--- Directions for this task ---
Only one span of the material below is wanted. Output it exactly, from the line with "While the bolus" through the line with "Can we include", without any pictures.
*****
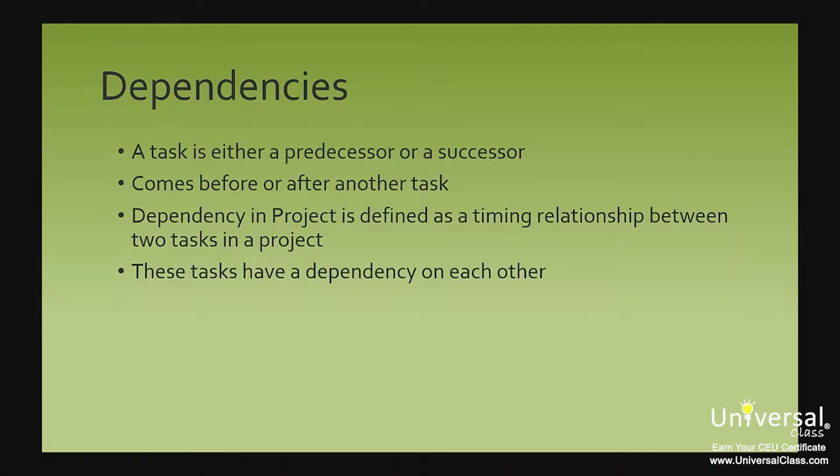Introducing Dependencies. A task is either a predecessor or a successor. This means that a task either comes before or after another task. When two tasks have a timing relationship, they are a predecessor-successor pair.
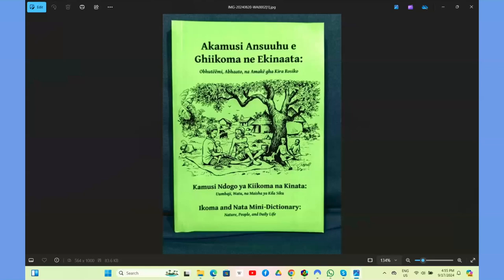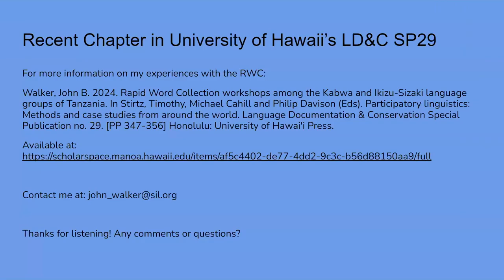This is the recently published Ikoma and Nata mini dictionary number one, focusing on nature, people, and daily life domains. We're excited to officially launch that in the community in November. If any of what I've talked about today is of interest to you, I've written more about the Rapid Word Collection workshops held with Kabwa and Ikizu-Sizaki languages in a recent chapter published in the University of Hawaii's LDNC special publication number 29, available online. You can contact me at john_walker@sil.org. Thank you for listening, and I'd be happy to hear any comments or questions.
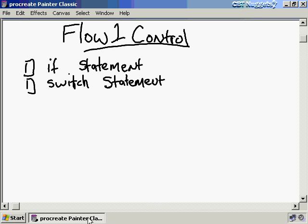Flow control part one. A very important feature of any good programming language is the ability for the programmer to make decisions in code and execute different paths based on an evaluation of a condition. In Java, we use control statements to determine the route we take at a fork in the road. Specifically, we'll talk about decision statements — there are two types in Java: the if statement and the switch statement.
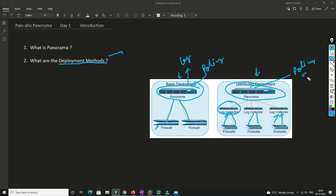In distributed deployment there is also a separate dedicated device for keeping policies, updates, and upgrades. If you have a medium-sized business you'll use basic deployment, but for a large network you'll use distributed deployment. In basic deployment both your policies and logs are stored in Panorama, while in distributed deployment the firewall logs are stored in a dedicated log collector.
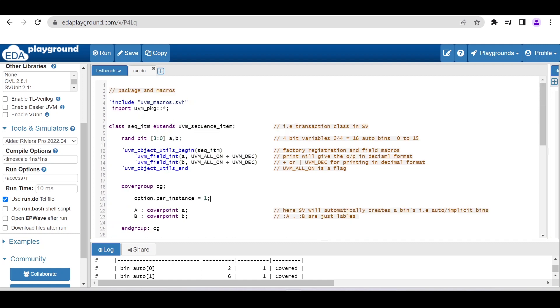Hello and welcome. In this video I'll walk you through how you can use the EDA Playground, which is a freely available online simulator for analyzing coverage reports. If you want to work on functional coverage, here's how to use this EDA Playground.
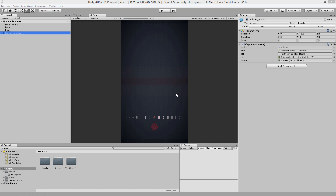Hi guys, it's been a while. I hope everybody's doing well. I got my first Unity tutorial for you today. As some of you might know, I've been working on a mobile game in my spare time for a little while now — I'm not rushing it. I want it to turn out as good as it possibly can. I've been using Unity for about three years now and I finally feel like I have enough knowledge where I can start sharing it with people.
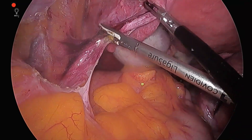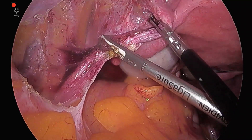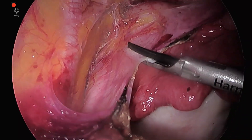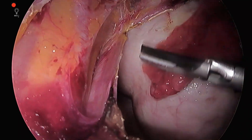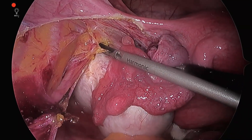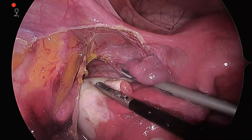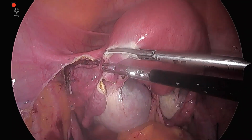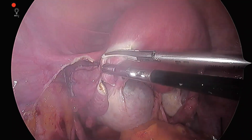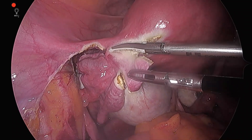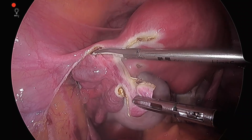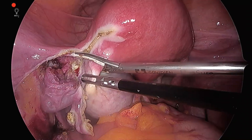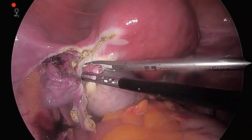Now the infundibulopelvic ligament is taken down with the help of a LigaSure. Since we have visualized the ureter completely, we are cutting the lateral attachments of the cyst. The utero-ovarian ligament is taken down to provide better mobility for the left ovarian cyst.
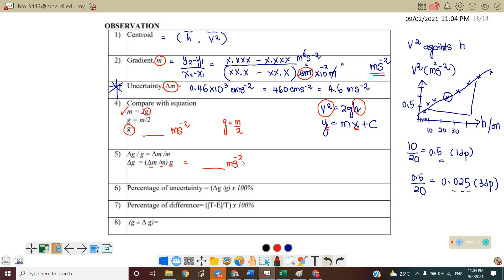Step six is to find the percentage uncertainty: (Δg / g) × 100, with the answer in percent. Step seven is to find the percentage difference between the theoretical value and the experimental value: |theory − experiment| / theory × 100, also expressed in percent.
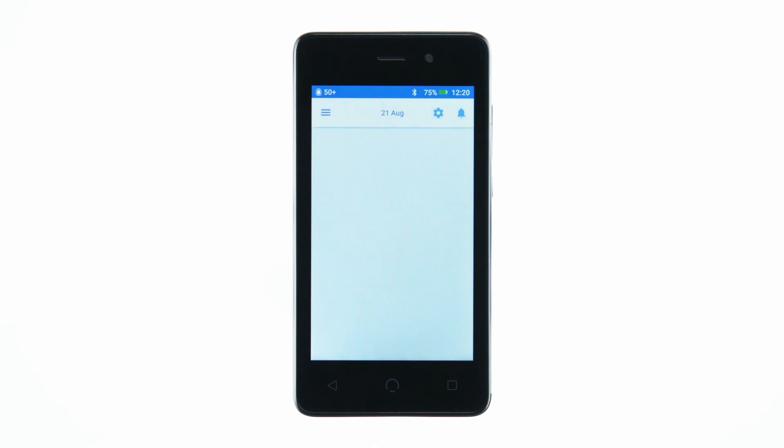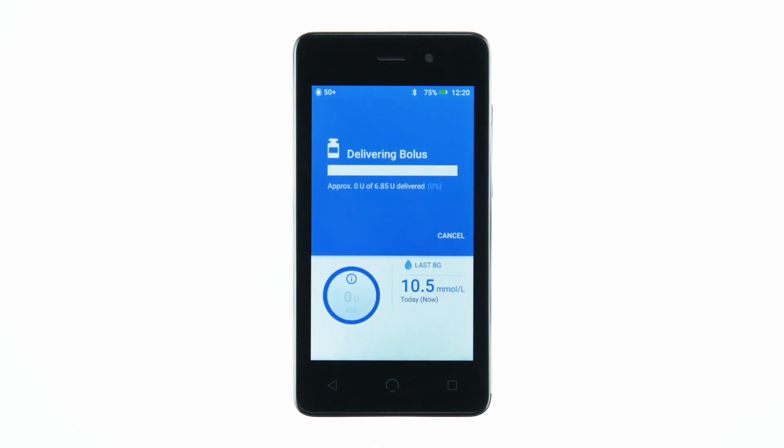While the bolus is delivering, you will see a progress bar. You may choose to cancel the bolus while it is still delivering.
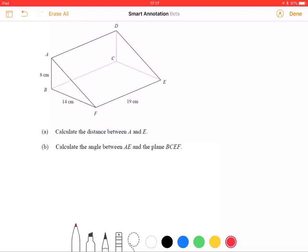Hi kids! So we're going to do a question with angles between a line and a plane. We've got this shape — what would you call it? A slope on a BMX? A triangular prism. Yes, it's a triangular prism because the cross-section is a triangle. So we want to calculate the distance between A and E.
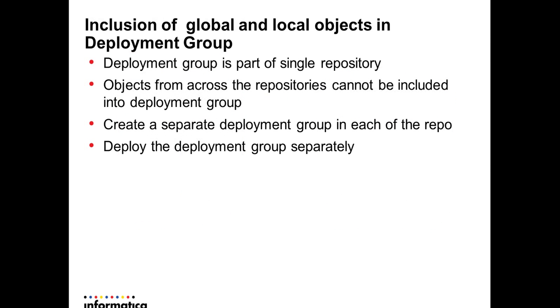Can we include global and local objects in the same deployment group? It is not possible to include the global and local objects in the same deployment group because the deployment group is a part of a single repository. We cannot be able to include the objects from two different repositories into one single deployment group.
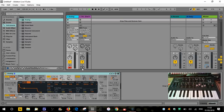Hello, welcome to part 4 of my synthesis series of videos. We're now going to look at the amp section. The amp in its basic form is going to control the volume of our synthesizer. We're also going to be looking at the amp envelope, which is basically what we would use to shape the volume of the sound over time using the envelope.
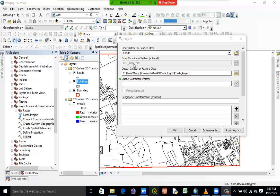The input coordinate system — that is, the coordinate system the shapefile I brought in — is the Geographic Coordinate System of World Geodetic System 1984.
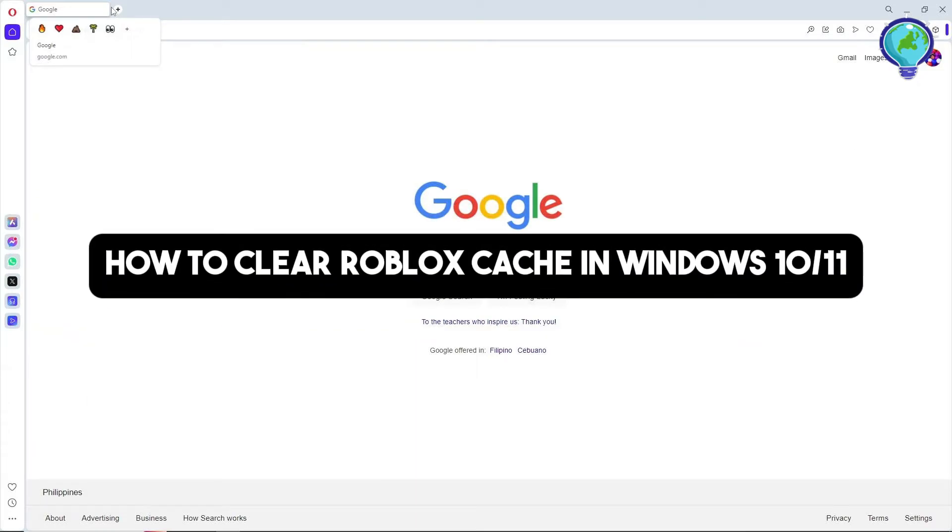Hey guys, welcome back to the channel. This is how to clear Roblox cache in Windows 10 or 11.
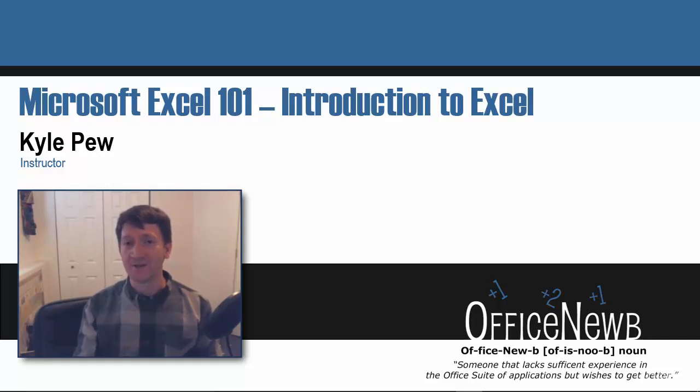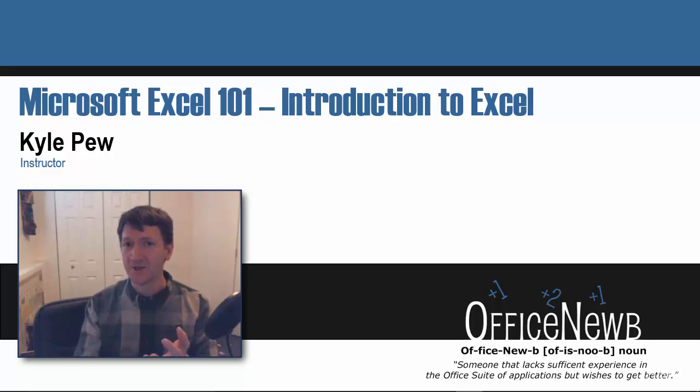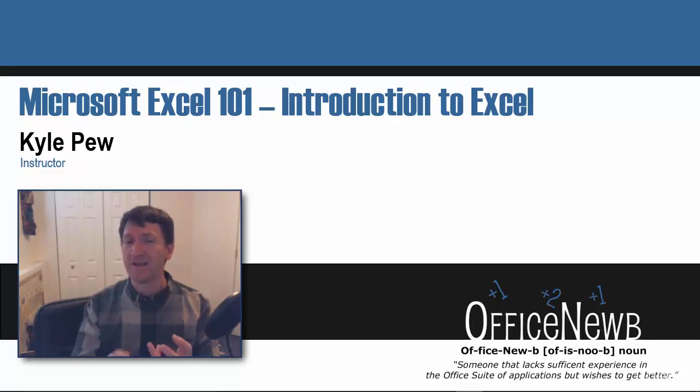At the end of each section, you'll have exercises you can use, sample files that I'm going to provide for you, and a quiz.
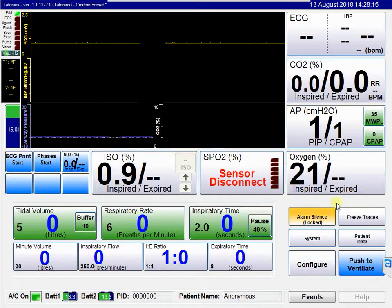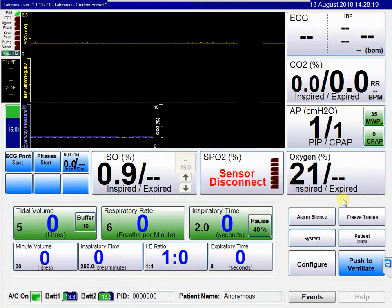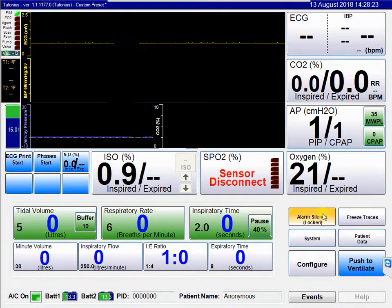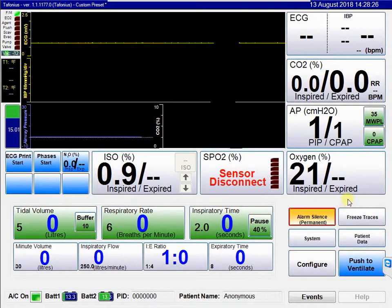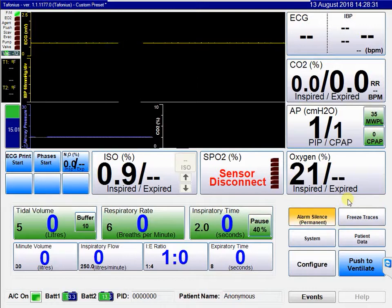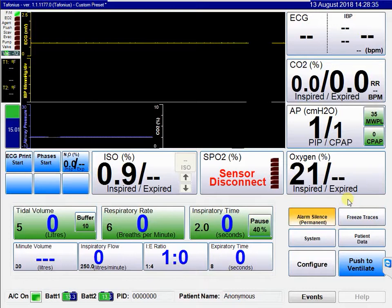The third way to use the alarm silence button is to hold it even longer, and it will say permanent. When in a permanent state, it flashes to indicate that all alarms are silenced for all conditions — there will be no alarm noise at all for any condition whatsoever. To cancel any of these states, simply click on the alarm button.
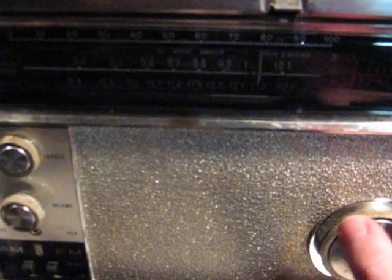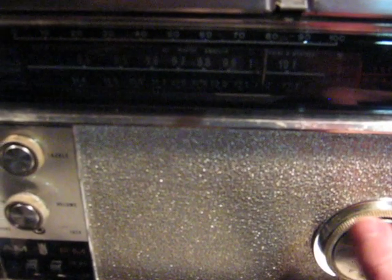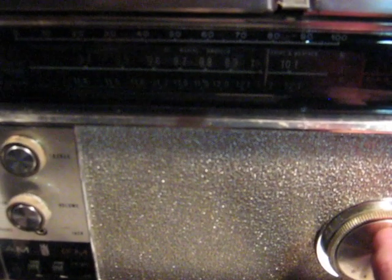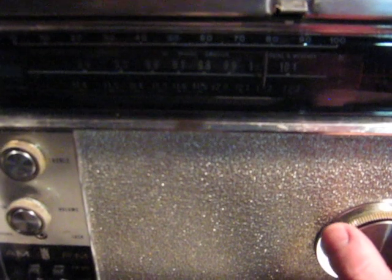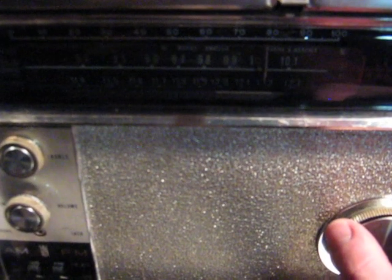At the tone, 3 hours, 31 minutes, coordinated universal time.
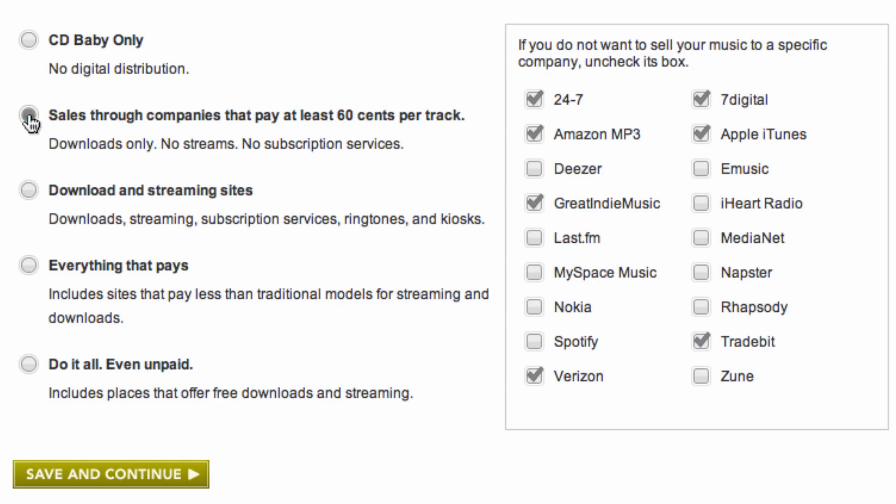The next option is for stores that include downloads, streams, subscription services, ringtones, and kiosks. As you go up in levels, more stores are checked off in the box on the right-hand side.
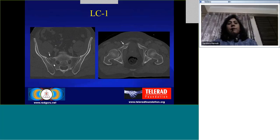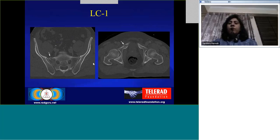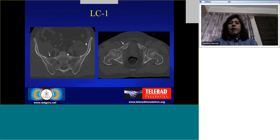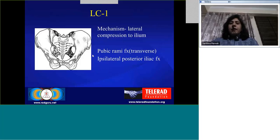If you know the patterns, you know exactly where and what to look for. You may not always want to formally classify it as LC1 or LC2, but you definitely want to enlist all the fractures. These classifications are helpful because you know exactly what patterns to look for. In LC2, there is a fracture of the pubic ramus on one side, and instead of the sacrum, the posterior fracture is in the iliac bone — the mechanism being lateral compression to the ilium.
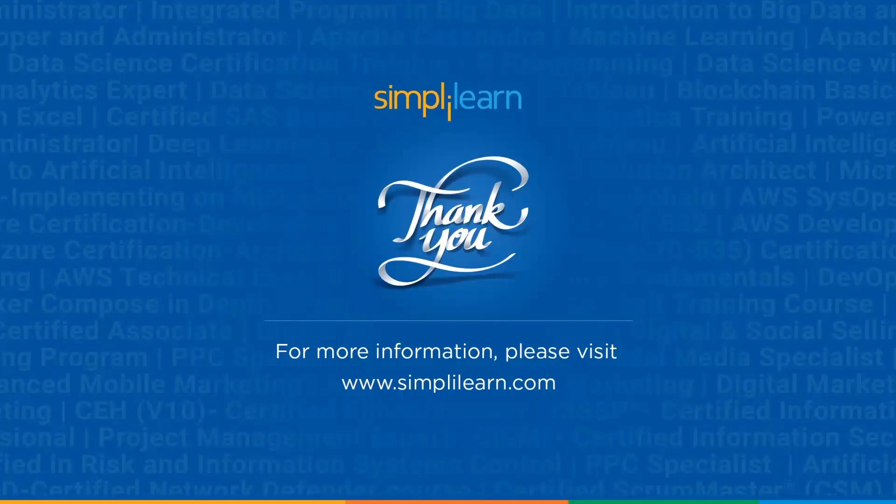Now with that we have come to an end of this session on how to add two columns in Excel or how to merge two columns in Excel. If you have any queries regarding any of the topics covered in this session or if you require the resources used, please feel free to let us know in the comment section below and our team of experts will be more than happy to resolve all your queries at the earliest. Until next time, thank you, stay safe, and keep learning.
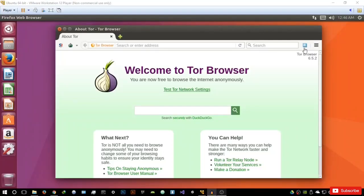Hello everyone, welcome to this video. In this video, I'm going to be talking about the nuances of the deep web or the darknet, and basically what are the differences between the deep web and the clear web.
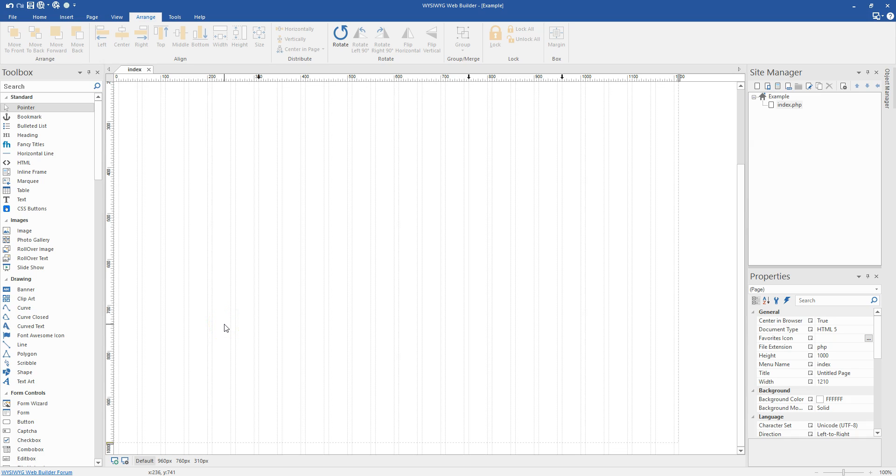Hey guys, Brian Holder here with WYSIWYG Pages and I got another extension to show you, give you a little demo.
*****
--- Response to this task ---
While the bolus is delivering, you will see a progress bar. You may choose to cancel the bolus while it is still delivering.
Hi kids! So we're going to do a question with angles between a line and a plane. We've got this shape — what would you call it? A slope on a BMX? A triangular prism. Yes, it's a triangular prism because the cross-section is a triangle. So we want to calculate the distance between A and E.
Can we include global and local objects in the same deployment group? It is not possible to include the global and local objects in the same deployment group because the deployment group is a part of a single repository. We cannot be able to include the objects from two different repositories into one single deployment group.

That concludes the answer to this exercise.